Growing up in Yorkshire in the early 19th century, the expectations placed upon the Brontë sisters differed wildly from those carried by their brother, Branwell. The strong emotions and passions expressed by the characters in the Brontës’ novels were, at the time, thought to be the preserve of men, and Charlotte, Emily and Anne famously wrote under male pseudonyms.

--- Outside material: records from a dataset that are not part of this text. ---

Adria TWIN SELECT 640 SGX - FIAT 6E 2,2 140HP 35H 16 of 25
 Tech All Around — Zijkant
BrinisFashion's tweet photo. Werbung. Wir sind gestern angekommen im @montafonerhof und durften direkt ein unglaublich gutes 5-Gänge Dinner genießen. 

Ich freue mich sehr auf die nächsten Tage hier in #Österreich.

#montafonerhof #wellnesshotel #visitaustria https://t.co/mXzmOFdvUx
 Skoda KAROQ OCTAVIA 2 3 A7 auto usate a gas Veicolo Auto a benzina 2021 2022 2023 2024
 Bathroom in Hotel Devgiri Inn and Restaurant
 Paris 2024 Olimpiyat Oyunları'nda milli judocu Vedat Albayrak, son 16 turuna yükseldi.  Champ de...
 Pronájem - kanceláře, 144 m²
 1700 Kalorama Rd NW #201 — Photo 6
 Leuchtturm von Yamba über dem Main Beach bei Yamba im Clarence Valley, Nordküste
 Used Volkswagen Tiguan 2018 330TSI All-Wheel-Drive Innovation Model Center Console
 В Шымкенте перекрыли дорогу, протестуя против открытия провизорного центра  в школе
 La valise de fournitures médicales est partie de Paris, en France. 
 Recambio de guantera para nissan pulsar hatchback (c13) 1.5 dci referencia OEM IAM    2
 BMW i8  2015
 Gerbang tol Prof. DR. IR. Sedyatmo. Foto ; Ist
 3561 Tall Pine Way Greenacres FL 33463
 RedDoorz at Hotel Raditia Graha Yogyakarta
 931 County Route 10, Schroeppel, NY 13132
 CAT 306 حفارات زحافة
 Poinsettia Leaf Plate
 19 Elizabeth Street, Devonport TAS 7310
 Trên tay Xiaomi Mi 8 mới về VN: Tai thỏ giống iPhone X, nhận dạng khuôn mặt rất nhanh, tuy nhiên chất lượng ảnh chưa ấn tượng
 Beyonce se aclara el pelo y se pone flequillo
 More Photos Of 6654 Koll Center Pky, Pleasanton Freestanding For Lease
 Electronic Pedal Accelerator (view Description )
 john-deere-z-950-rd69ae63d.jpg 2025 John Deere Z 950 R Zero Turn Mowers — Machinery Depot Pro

How can the experiences of the Brontës inform the debate over gender expectations in society today? Join firebrand feminist, Germaine Greer, and award-winning journalist, Boyd Tonkin, to explore how the siblings confounded the expectations of their time and examine whether or not progress has been made in the years since they created their famous works.

About The Speaker

Germaine Greer

Firebrand feminist Germaine Greer has been one of the world’s most prominent academics for nearly fifty years. Works such as The Female Eunuch and appearances on television shows such as Have I Got News for You have earned her a place at the forefront of feminist thinking.

About The Host

Boyd Tonkin

Boyd Tonkin is an award-winning journalist who currently writes on literature and culture for The Financial Times, The Economist, Newsweek and The Spectator. He was previously Literary Editor and then Senior Writer at The Independent, where he re-founded the Independent Foreign Fiction Prize and judged the award for 15 years. He chaired the jury of the 2016 Man Booker International Prize, and now serves as the prize’s Special Adviser.